When loading in Honolulu, the steamers usually lie alongside wharves covered with immense warehouses, where rapid-speed conveyors carry the sacks of sugar to a point above the ship’s hatches and drop them into chutes which guide them down into the hold of the ship, where they are compactly stowed. On the off-shore side of the vessel small steamers from other island ports lie alongside and hoist the sacks by means of steam winches to a point over the hatch and deposit them in similar chutes. When steamers are loaded from both sides in this manner, as much as three thousand tons, or forty-eight thousand sacks, can be loaded in nine hours.
After a vessel is completely loaded and gets her clearance from the custom house, she departs for San Francisco, twenty-one hundred miles away, or for the Atlantic seaboard, via Panama, as the planter may direct.
The voyage ended, and the quarantine and health regulations complied with, she proceeds to the dock of the buyer, usually a sugar refiner. The Hawaiian planter invariably sells his sugar under contract prior to arrival of the vessel at destination.
Planters in other countries operate differently.

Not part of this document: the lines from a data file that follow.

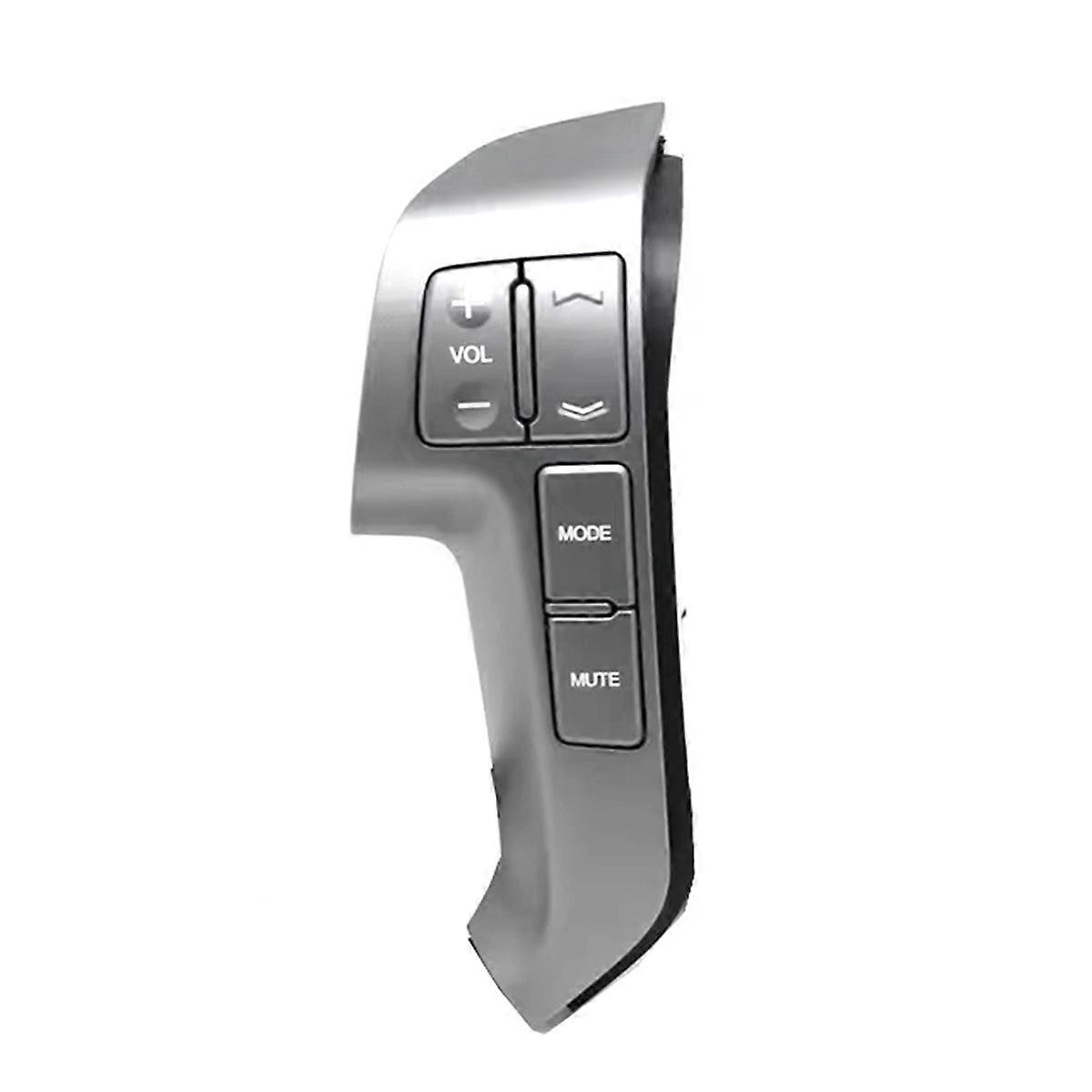 967004h010 Lautstärkeregler-taste Links Am Lenkrad Für H1 (starex) I800 (grand Starex) 2015 - 2018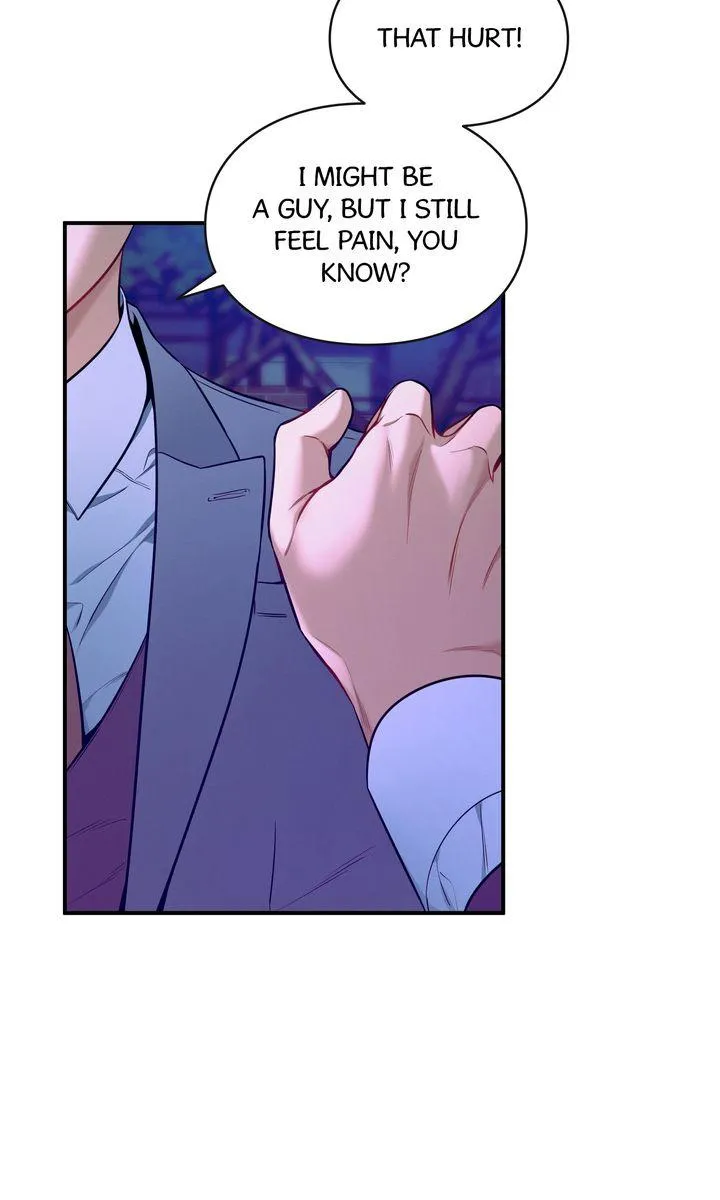 Read No Moral chapter 38.1 image 41 on Lezhin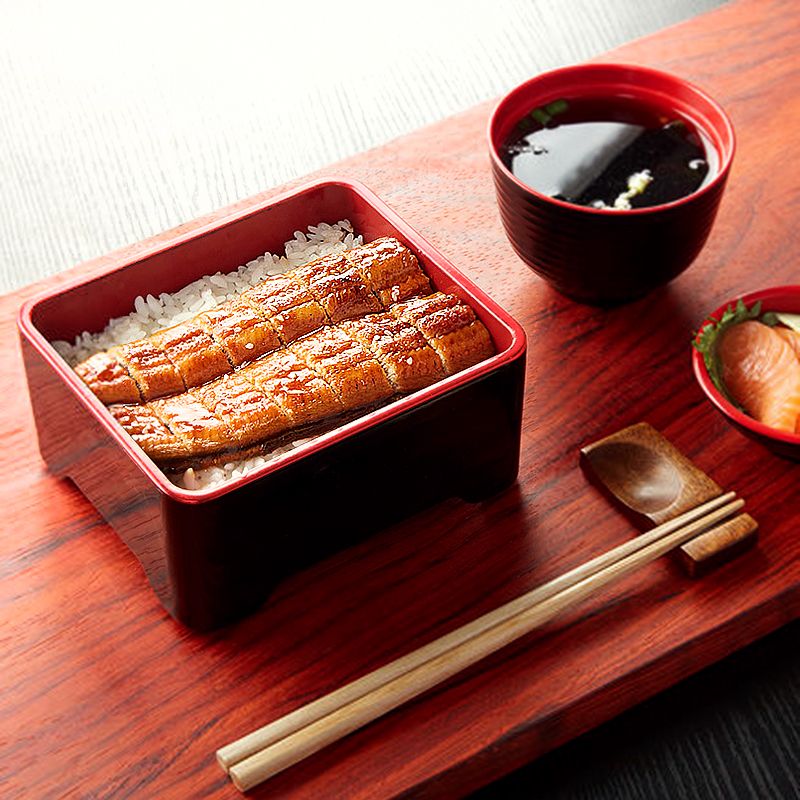 Japanese Style Bento Boxes Res - Food Snacks Catering recensie en prijs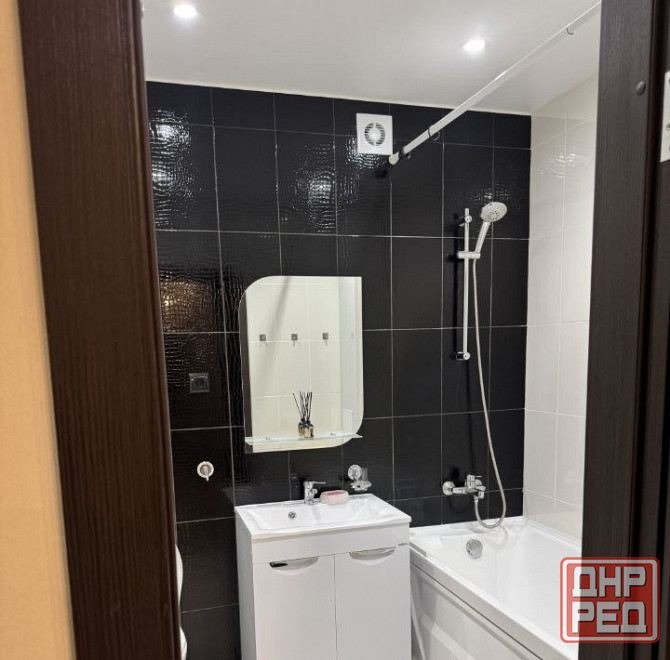 2-к квартира, 58 м2, 7 эт. Мариуполь - изображение 5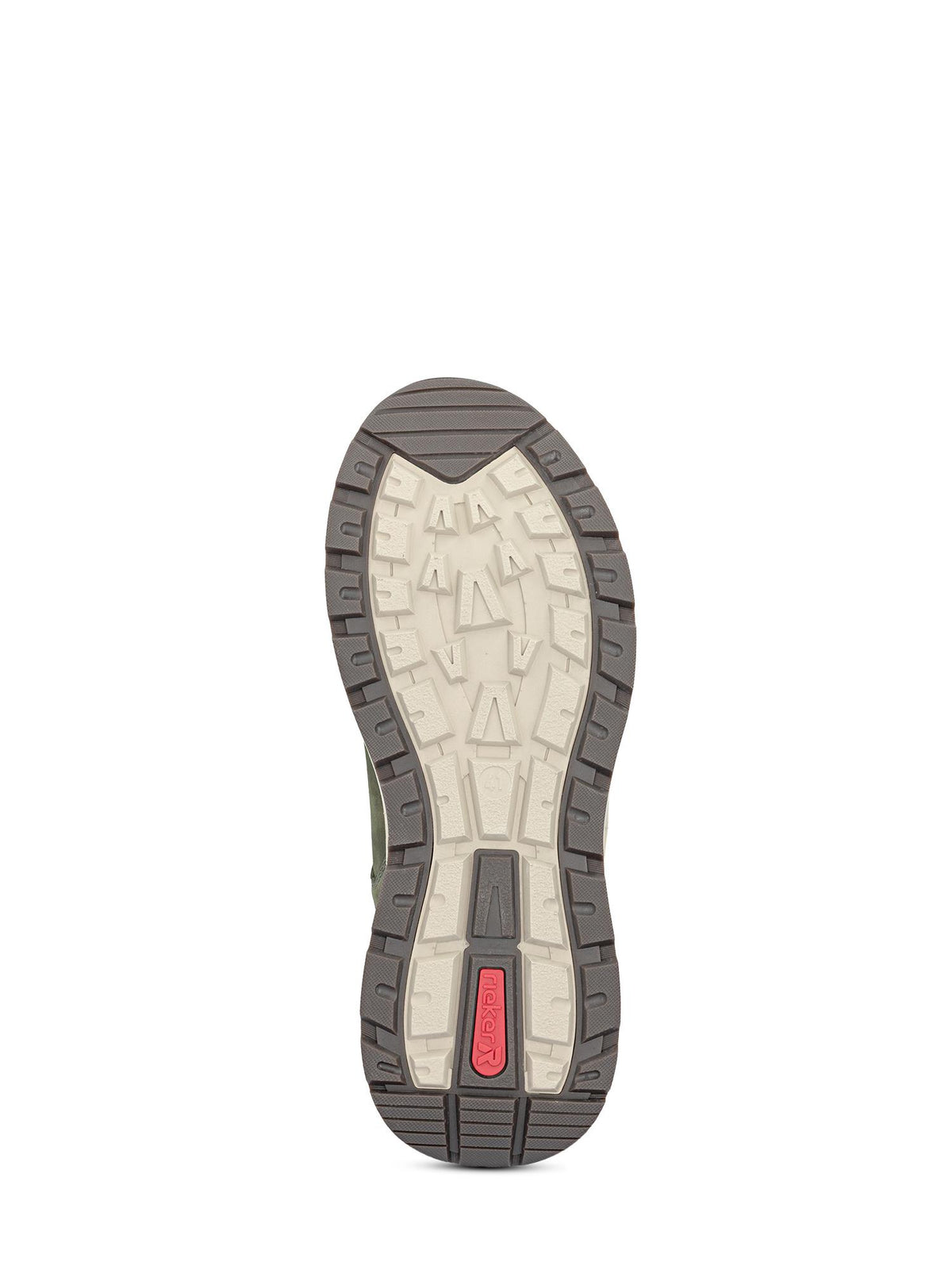 Rieker 02186 Varello Wide TEX Skinn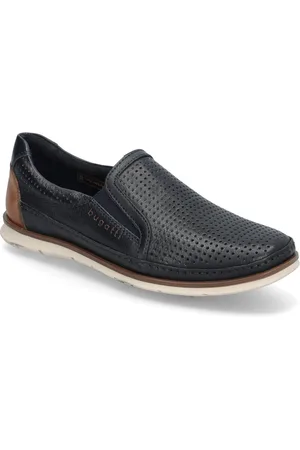 Bugatti 321Aru Loaferit Matalat Kengät Multi/patterned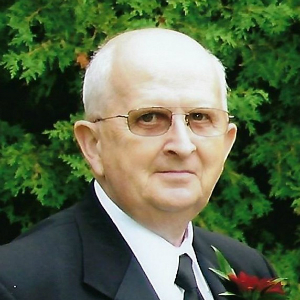 Stephenson, George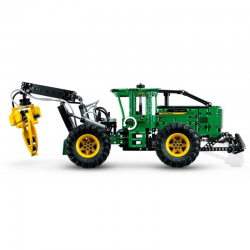 42157 LEGO TECHNIC CIĄGNIK ZRYWKOWY JOHN DEERE 948L-II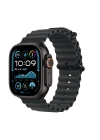 More TR Apple Watch Ultra 49mm Zore KRD-75 Silikon Kordon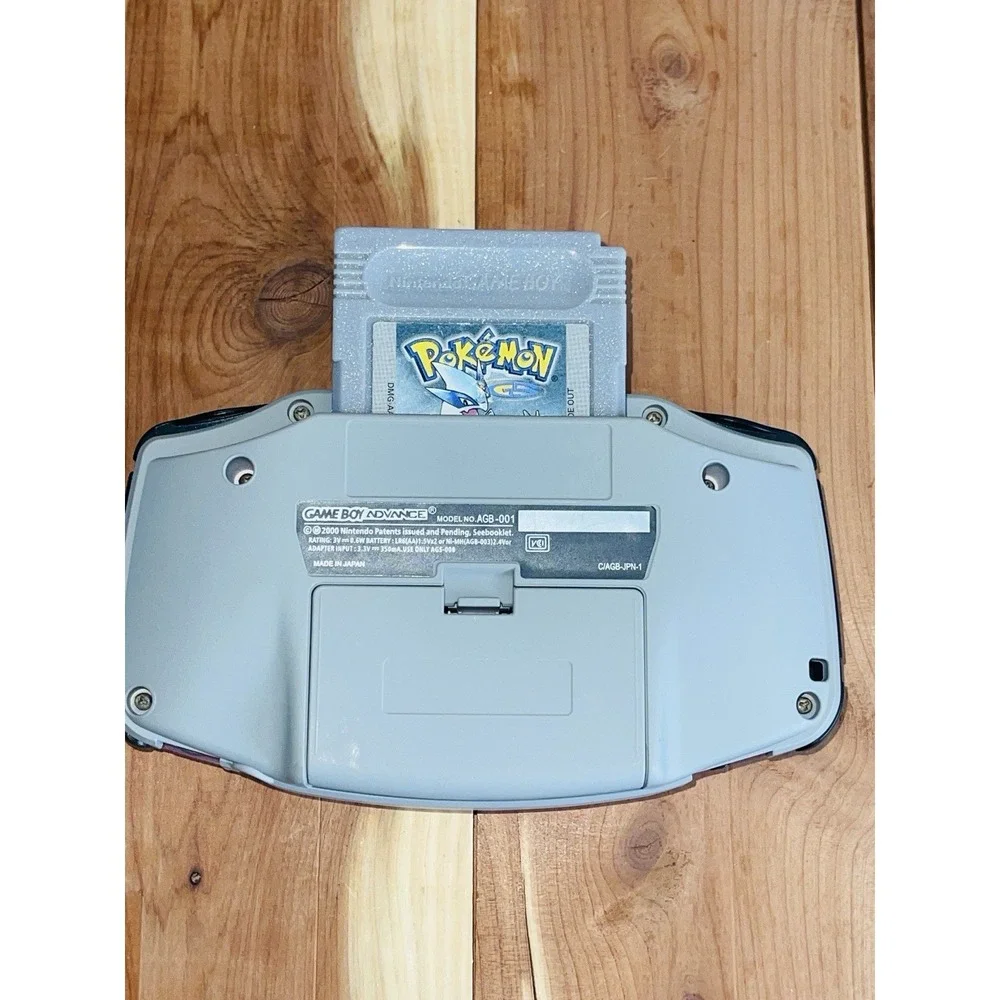 Nintendo game boy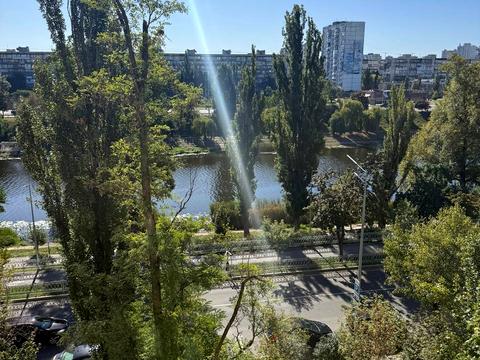 квартира за адресою Ентузіастів вул., 15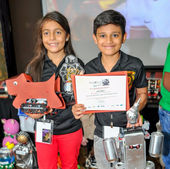 ¡Vicentinos rumbo a Japón!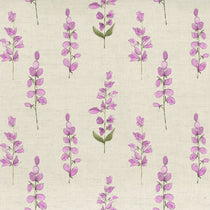 Helaine Fuchsia Ecru Fabric by the Metre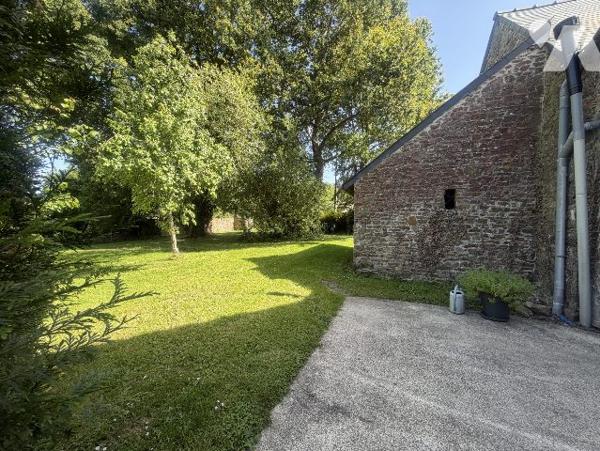 Maison à vendre Bain-de-Bretagne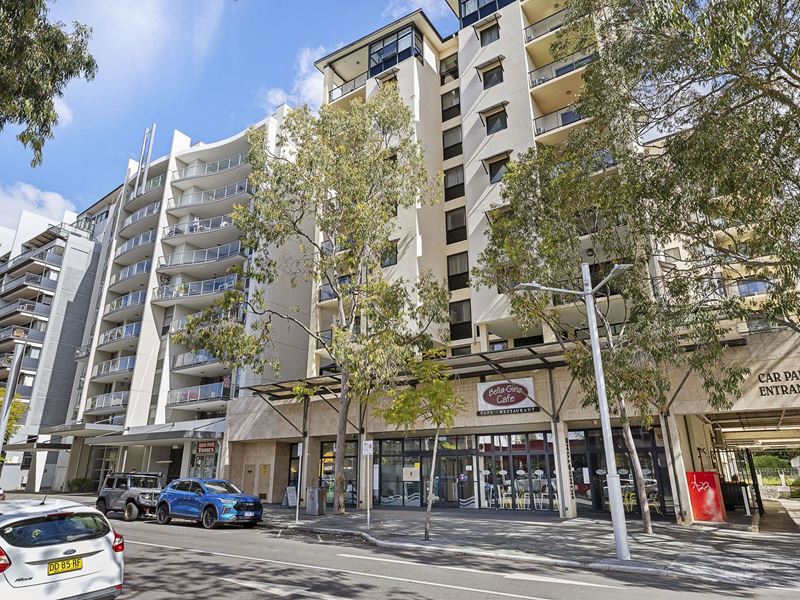 79/273 Hay Street, East Perth WA 6004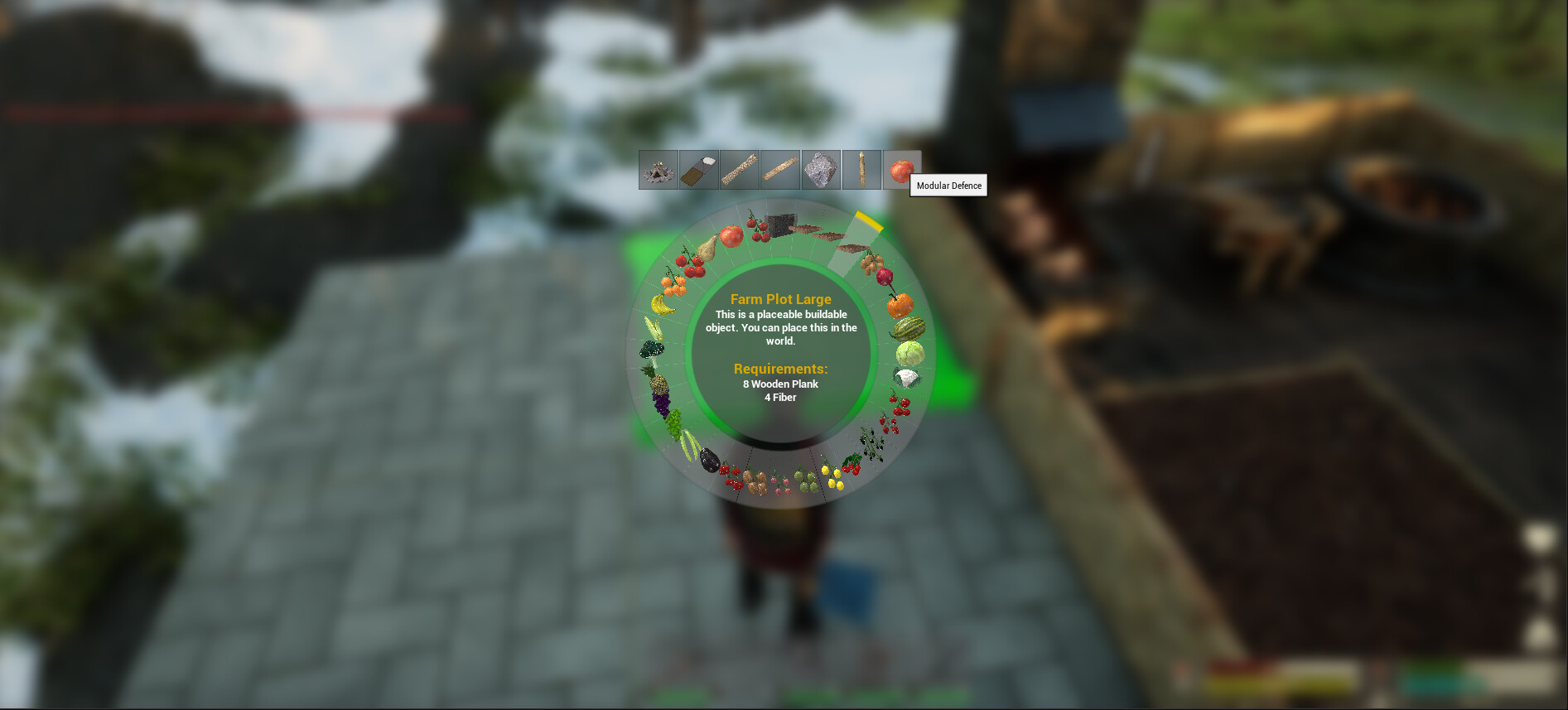 Zotenhold screenshot #5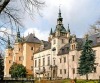 Zamek Kliczków Centrum Konferencyjno-Wypoczynkowe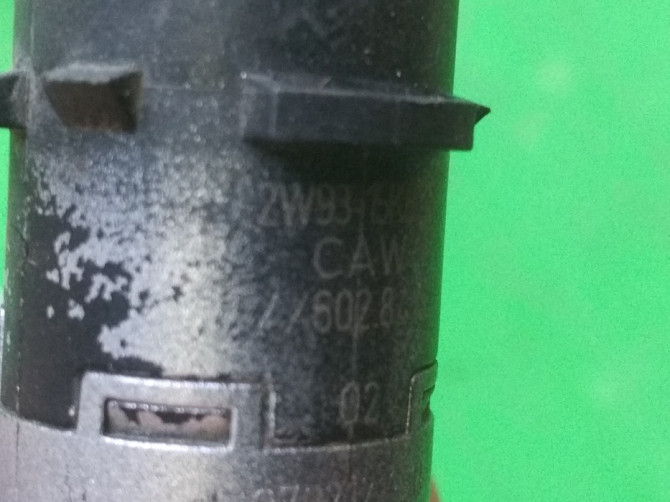 Датчик паркування 2W93-15K859-AC Форд оригінал Винница - изображение 5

Occasionally sugar is sold on the plantation at an agreed price, and the buyer arranges his own transportation. The planter sometimes ships his sugar unsold and negotiates its sale while it is en route. If so sold, it is delivered directly to the buyer on arrival; if not, it must be stored in a warehouse at the planter’s expense pending sale.
The practice of the Hawaiian planter is to sell his sugar to refineries in San Francisco, New York or Philadelphia, under contracts extending over a term of years. It is agreed that the sugar shall be shipped as soon as made and that the refiner will receive it immediately on arrival, the price for each cargo being that quoted in the open New York market for ninety-six-degree centrifugal sugar on the day preceding its arrival.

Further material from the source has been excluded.